The FOFA story is long and complicated. FOFA was originally a Labor reform package that imposed modest new regulations on financial planners – in particular, requiring them to keep asking their clients if they wanted to retain their financial advisors’ services. The big banks opposed this, because it threatened their lucrative trailing commissions and advice fees. The incoming Abbott government sided with the banks, rolling back Labor’s reforms. Now the Senate has struck down that roll-back, in a humiliating defeat for Finance Minister Mathias Cormann.
FOFA is hardly alone. Plenty of other bills are in trouble. The government’s higher education reforms are due to be voted on this week. They look headed for defeat. The $7 GP co-payment, which has already cost the government so much negative publicity, hasn’t even been introduced to the Parliament.
Now that Lambie has defected, the government’s task has become yet more complicated.
On the face of it, Lambie’s independence should give Coalition Senate leader Eric Abetz an opportunity to build a new faction. But it also takes away one vote from the Palmer bloc – which has been instrumental in helping the government pass bills like the abolition of the carbon tax. There are more jigsaw pieces, but the puzzle remains.
Lambie’s first test as an independent is whether she can force concessions from the government over her own burning issue: a pay rise for the servicemen and women of the Australian Defence Force.
The background to the dispute is the surprisingly modest pay rise of 1.5 per cent offered by the government to the serving personnel of the ADF. That’s well below inflation, meaning their wages will decline in real terms. Labor and the minor parties have been attacking the offer for weeks. Lambie, a former military policewoman, has threatened to vote against all future government legislation unless the Abbott government revisits the pay offer.
Now that Lambie has left the Palmer bloc, the Coalition may well have a chance to cut a deal. Indeed, it’s a mark of the government’s mismanagement that it has let the pay deal fester this long.
The Abbott government has committed to a big increase in defence spending, and defence experts say the money is there for a better deal. While the government is on a mission to rein in the salaries of public servants across the board, the optics of squeezing soldiers, sailors and air personnel at the same time they are being asked to fight in Iraq are hardly in the government’s favour.
The Lambie defection comes at an interesting point for the Abbott government. Behind in the polls, the government has been badly wrong-footed by the intensity of the public backlash against the cuts to the ABC and SBS. Abbott and his cabinet badly need some wins.
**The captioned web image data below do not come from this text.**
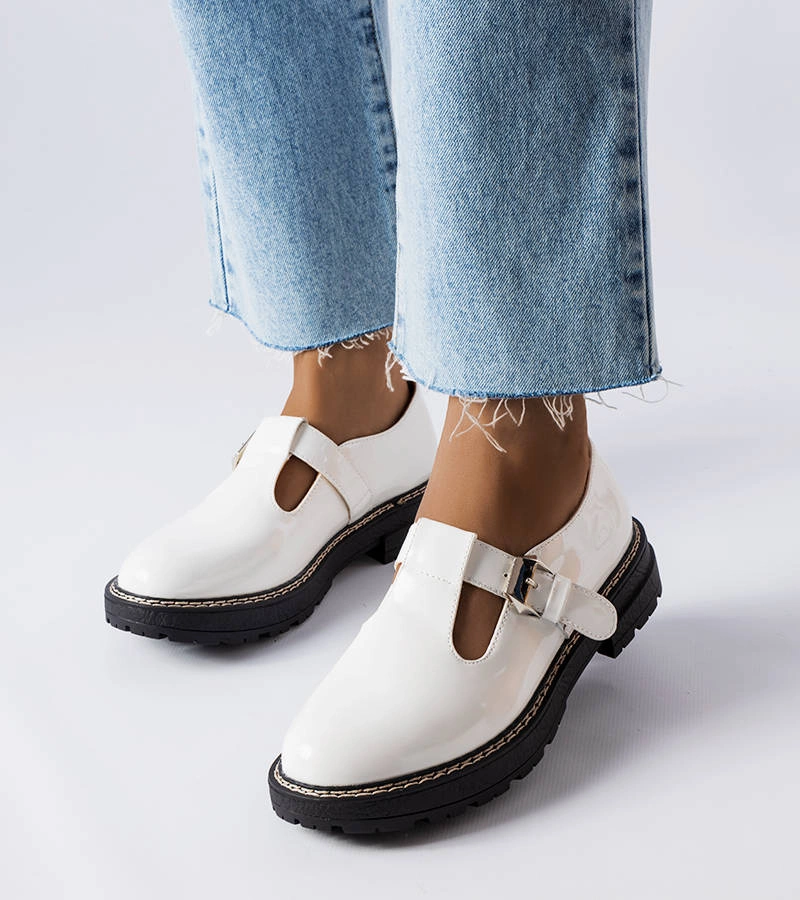 Gemre Women's patent leather white low shoes on thick sole Vaden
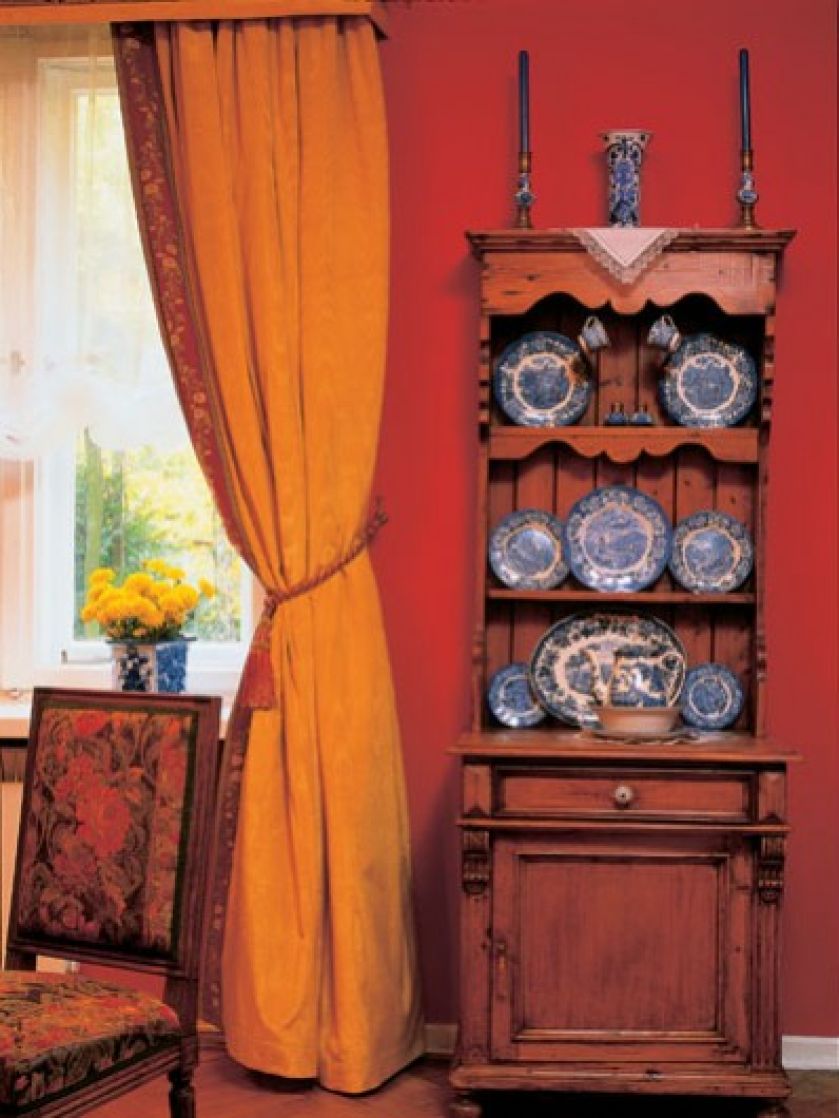 Serwantka z kolekcją porcelany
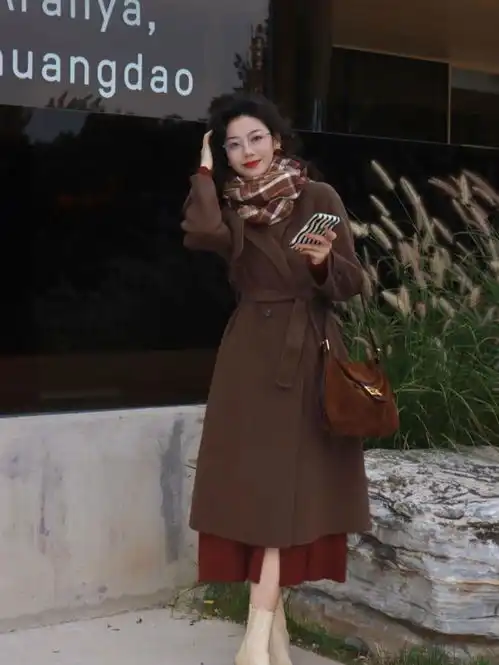三四十岁的女人想提升品味,秋冬别错过大衣穿搭,简约大气又高级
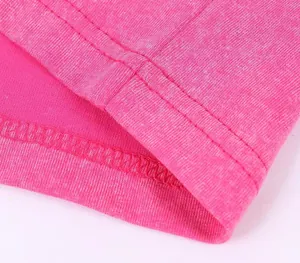 Vista macro detallada que muestra el dobladillo de doble costura en una camiseta rosa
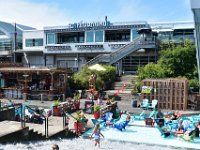 72  Vue sur le Café du Monde depuis les quais, en premier plan le bar Cour Arrière et son parc aquatique.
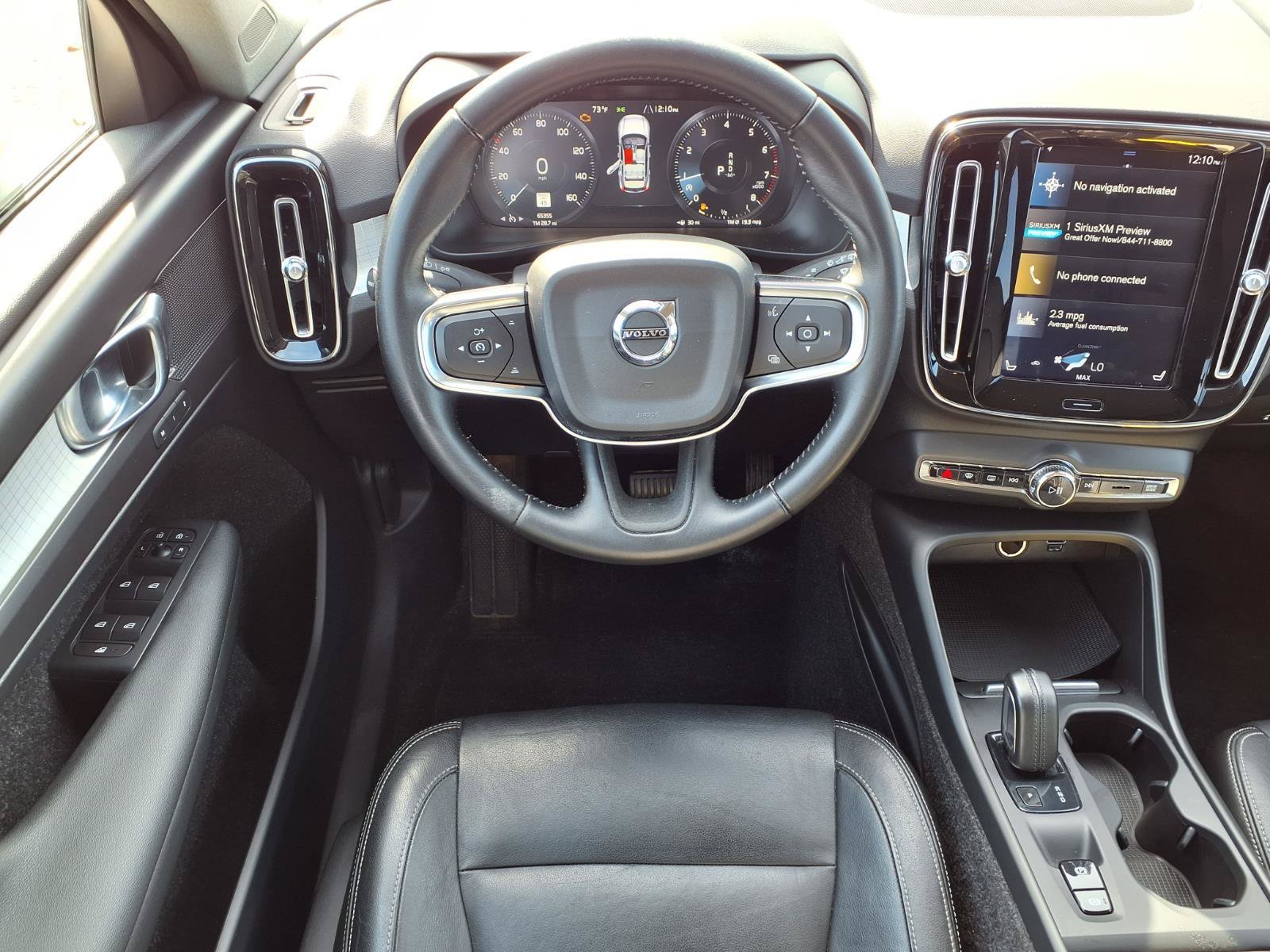 Used 2019 Volvo XC40 T5 Momentum AWD/4WD image 14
As a result, given the government’s many and various problems, Lambie might be in a better negotiating position than many realise. Perhaps this is why Lambie is seeking a meeting with Prime Minister Tony Abbott over the pay deal. So far, we're told, her request has been rebuffed. Should it happen, it will be an intriguing encounter.
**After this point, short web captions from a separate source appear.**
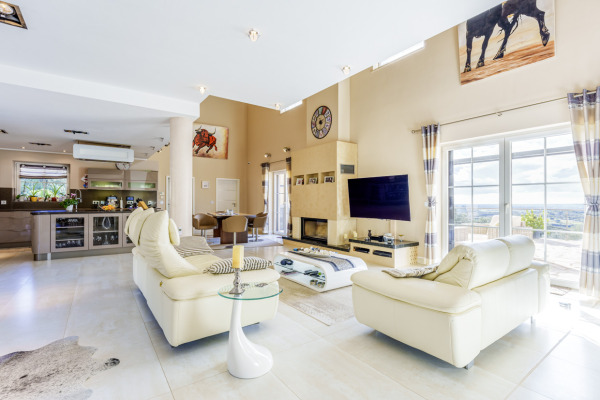 Exklusives Finca Anwesen mit traumhaftem Panoramablick nahe Son Macia Bild 6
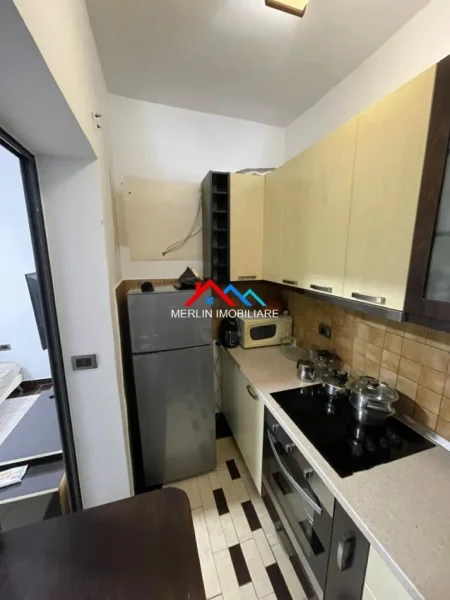 Tirane, jepet me qera apartament 1+1+Ballkon Kati 4, 55 m² 518 € (RRUGA E DURRESIT)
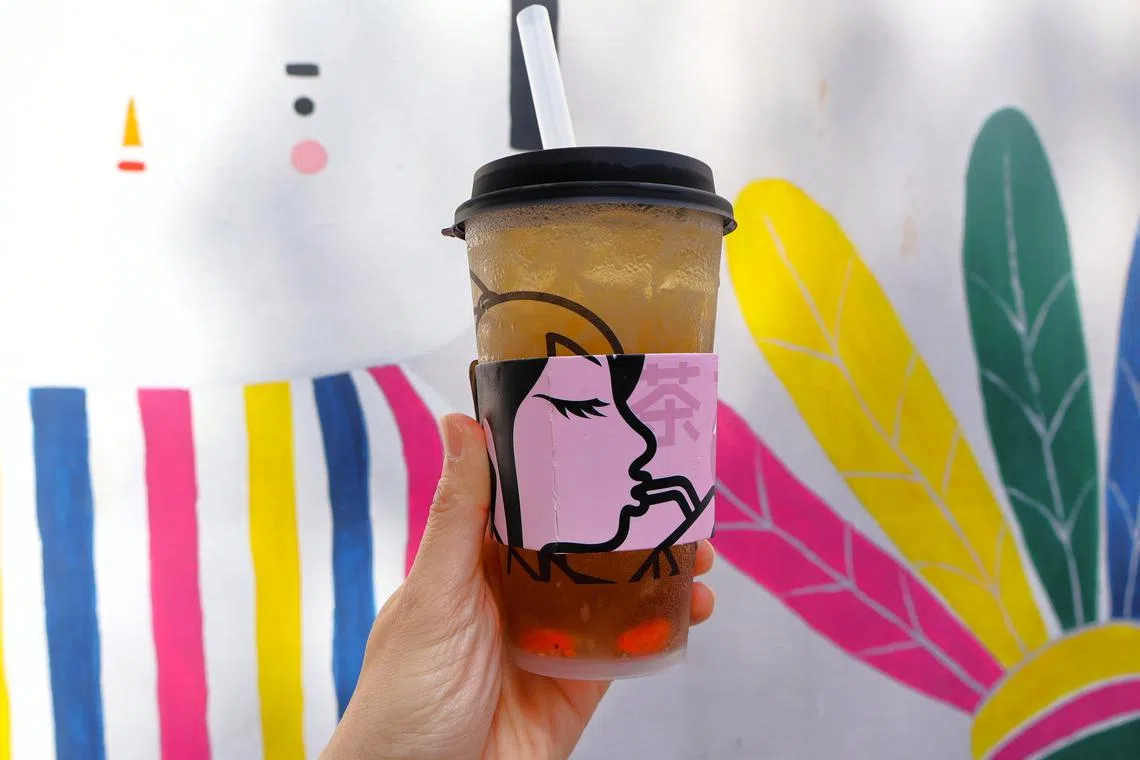 新加坡茶饮品牌“茶木兰”主打融合枸杞、桃胶等中药材的养生美颜茶饮。（互联网）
How will Lambie fare as an independent? The Tasmanian has taken a decision that offers both opportunities and perils.
Now that she’s an independent, Lambie has the opportunity to carve out her own niche. She is now free of the direction of Clive Palmer; she can chart her own course.
Given her media profile is already considerable, this should help Lambie to pose as a plucky populist standing up for the interests of Tasmanians – particularly regional Tasmanians, whose unemployment levels and human development metrics are well below those of their mainland cousins.
Much like Queensland, Tasmania has a long history of right wing populism, with maverick figures like Brian Harradine and Michael Hodgman looming large in the political history of the island state. Lambie’s humble origins and plain-spoken style are cut from the same cloth. If she sticks to a platform of putting Tasmania at the top of her agenda, she could have a long and successful Senate career.
However, Lambie’s move also brings with it significant risks.
Lambie is clearly a woman of conviction, but conviction is not always sufficient. Her political career is neither long, nor particularly distinguished. She flirted with both Labor and Liberal before joining forces with Palmer. It’s not a record that suggests she plays well with others. Her penchant for controversial public statements could also prove a double-edged sword.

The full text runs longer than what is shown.